L’ergastolo di Mario Trudu

3 Luglio 2019

Mario Trudu

[Graziano Pintori]

Il sistema giudiziario con quello carcerario continuano imperturbabili a volare alto, molto in alto, rispetto ai diritti umani che la Corte Europea puntualmente ci rammenta che esistono e vanno rispettati. Le anomalie della democrazia italiana sono vive e vegete perché prolificano a prescindere dalle regole e dai principi contenuti nella nostra Costituzione. L’anomalia che in queste settimane è venuta a “galla” dalle testate giornalistiche è la tragica esperienza di un detenuto, che in quarant’anni ha respirato la libertà solo per un paio d’ore. E’ l’esempio dell’ergastolano Mario Trudu che propone alla “zustissia” di essere ucciso pubblicamente piuttosto che continuare a subire “la morte lenta”.

L’urlo disperato del detenuto sale dal tunnel del fine pena mai, o se si preferisce dal 9.99.9999, schiantandosi sul muro di gomma dell’immarcescibile convinzione che la condanna è e deve essere solo pena e non riabilitazione alla vita, alla libertà. Il carcere, nel suo sconvolgente isolamento dal mondo libero, non è luogo di recupero, di reinserimento nella società che a suo tempo il reo aveva tradito.

Trudu, infatti, non sconta più la condanna per i suoi misfatti compiuti quando era poco più di un ragazzo, oggi a sessantanove anni subisce solo ed esclusivamente la pena del carcere duro: una vendetta dello Stato perché non fu collaborativo e costruttivo con la legge. Ancora oggi Trudu subisce la“morte lenta” che l’ergastolo ostativo riserva a questo genere di detenuti, nonostante la Corte Europea dei Diritti dell’Uomo affermi ”l’ergastolo senza possibilità di rilascio è violativo dell’art. 3 della Convenzione europea, nella parte che proibisce i trattamenti crudeli, inumani o degradanti”. Quindi un vergognoso oltraggio alla legge universale dei diritti umani e, voglio aggiungere, alla Costituzione Italiana.

Nonostante la l. 103 del 2017 sulla riforma dell’Ordinamento penitenziario apparisse come una fase nuova di cambiamento, con il nuovo Parlamento giallo/verde i decreti attuativi della riforma subiscono un notevole rallentamento nei lavori, una condizione che conferma la storica prassi tutta italiana di dotarsi di leggi ricche di buoni propositi ma di scarso pragmatismo nell’applicazione.

Sulla carta sono previste scuole, formazione, educatori, assistenti sociali, medici ecc. al fine di concretizzare anche nelle carceri il diritto di cittadinanza, lo stesso che dovrebbe valere per le persone libere. Si tratterebbe di un percorso innovativo che contempla protocolli d’intesa tesi ad impegnare i carcerati in progetti umanitari, lavorativi e culturali, un insieme di intenti che se concretizzati darebbero un’effettiva svolta al sistema carcerario vigente, contrastando la consuetudine di identificare il carcere come centro di specializzazione delinquenziale o luogo dei “salti di qualità” dei criminali in erba.

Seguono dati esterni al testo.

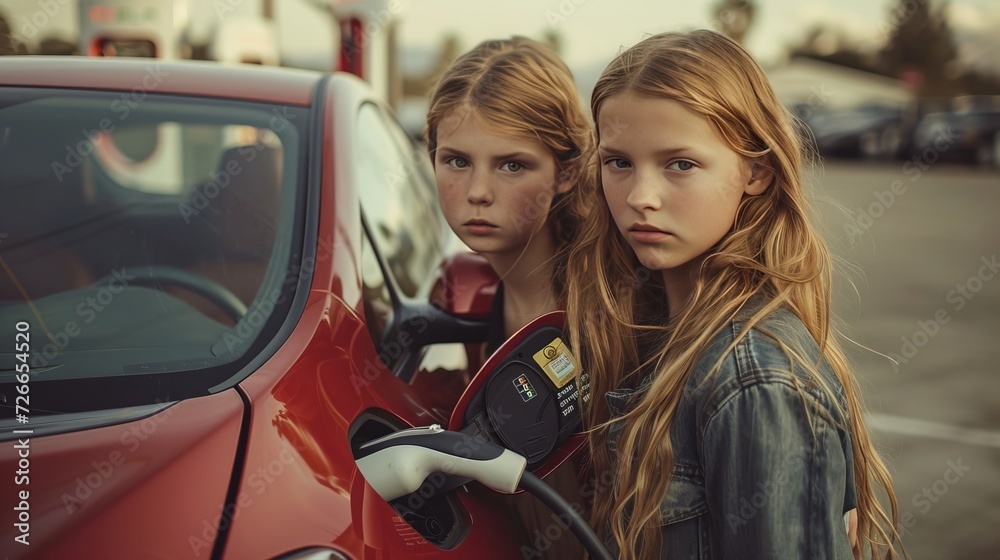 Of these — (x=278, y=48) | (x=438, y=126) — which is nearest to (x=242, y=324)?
(x=438, y=126)

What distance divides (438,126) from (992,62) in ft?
157

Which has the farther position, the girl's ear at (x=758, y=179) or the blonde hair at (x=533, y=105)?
→ the blonde hair at (x=533, y=105)

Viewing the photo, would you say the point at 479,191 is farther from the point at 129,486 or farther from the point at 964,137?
the point at 964,137

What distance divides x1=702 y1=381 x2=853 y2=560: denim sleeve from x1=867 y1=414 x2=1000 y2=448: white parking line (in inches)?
127

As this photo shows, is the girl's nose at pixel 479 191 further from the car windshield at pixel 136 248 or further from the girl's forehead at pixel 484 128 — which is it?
the car windshield at pixel 136 248

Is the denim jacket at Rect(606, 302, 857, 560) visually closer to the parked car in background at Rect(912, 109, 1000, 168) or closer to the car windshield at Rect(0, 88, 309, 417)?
the car windshield at Rect(0, 88, 309, 417)

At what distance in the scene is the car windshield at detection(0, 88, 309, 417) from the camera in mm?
1511

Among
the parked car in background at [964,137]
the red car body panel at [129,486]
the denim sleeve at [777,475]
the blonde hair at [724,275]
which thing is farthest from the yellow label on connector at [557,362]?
the parked car in background at [964,137]

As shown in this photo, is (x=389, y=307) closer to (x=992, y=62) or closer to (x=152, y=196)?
(x=152, y=196)

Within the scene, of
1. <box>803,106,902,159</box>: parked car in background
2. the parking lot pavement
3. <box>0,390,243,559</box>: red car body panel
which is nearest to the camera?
<box>0,390,243,559</box>: red car body panel

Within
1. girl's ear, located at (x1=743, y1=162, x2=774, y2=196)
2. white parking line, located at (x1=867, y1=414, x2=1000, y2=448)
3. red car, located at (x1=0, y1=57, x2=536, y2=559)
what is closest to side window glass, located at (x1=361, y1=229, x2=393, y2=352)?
red car, located at (x1=0, y1=57, x2=536, y2=559)

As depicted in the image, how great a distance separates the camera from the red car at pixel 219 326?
3.79 feet

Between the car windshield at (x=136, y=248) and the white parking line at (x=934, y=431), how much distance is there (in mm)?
3242

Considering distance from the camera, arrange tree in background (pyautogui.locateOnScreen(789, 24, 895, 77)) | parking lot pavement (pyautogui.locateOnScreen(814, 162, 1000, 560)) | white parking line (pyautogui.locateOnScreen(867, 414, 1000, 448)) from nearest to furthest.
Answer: parking lot pavement (pyautogui.locateOnScreen(814, 162, 1000, 560)) → white parking line (pyautogui.locateOnScreen(867, 414, 1000, 448)) → tree in background (pyautogui.locateOnScreen(789, 24, 895, 77)) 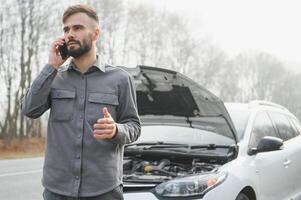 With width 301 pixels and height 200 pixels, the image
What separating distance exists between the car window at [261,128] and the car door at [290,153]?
0.67 ft

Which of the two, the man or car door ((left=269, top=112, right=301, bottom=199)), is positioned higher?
the man

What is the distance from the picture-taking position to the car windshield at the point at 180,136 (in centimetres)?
519

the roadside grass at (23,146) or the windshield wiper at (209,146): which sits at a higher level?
the windshield wiper at (209,146)

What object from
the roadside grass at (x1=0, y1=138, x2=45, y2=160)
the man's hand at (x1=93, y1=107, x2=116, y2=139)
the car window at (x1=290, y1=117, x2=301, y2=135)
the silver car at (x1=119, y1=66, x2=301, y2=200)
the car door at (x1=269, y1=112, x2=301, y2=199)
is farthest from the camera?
the roadside grass at (x1=0, y1=138, x2=45, y2=160)

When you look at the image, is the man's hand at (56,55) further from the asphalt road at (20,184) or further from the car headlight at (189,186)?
the asphalt road at (20,184)

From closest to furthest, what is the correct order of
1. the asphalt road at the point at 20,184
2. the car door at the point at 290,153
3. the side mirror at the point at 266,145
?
the side mirror at the point at 266,145, the car door at the point at 290,153, the asphalt road at the point at 20,184

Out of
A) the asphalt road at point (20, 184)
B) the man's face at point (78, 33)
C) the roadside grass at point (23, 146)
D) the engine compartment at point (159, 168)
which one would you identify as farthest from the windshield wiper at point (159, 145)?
the roadside grass at point (23, 146)

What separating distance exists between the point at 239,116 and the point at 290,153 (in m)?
1.01

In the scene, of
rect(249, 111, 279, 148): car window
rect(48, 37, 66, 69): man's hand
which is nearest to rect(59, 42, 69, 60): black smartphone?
rect(48, 37, 66, 69): man's hand

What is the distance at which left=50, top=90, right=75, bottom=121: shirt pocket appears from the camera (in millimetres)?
2533

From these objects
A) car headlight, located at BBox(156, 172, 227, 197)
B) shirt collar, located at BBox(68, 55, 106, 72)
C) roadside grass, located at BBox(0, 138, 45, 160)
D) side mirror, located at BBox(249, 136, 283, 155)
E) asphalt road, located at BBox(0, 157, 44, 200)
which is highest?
shirt collar, located at BBox(68, 55, 106, 72)

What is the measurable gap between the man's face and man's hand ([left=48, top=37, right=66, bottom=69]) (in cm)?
4

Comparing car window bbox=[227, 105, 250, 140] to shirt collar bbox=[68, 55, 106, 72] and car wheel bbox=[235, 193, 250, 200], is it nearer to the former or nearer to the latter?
car wheel bbox=[235, 193, 250, 200]

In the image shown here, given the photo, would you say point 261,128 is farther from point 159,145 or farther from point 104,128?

Parliamo di una riforma che sulla carta appare buona anche se, dal mio punto di vista, è monca nei confronti delle diverse centinaia, forse un migliaio, di ergastolani ostativi, per i quali il carcere continua e continuerà a essere “il cimitero dei vivi”. Quindi, nella sostanza dei fatti, i dettati della Corte Europea e della nostra Carta Costituzionale continuano a essere elusi; come pure resta sempre più invalicabile il solco che separa la volontà di rendere il carcere conforme alla vita libera e la condizione di “morte lenta” riservata ai detenuti ostativi.

Sono convinto che nonostante il clima di linciaggio morale e politico nei confronti di chi si schiera a favore dell’umanizzazione della società, ivi comprese le carceri, il governo giallo/verde dovrà assumersi tutte le responsabilità, compresa, appunto, la riforma carceraria e capire se la cultura giustizialista dei vari Salvini/Di Maio continuerà a sovrapporsi alla democrazia e alla Costituzione.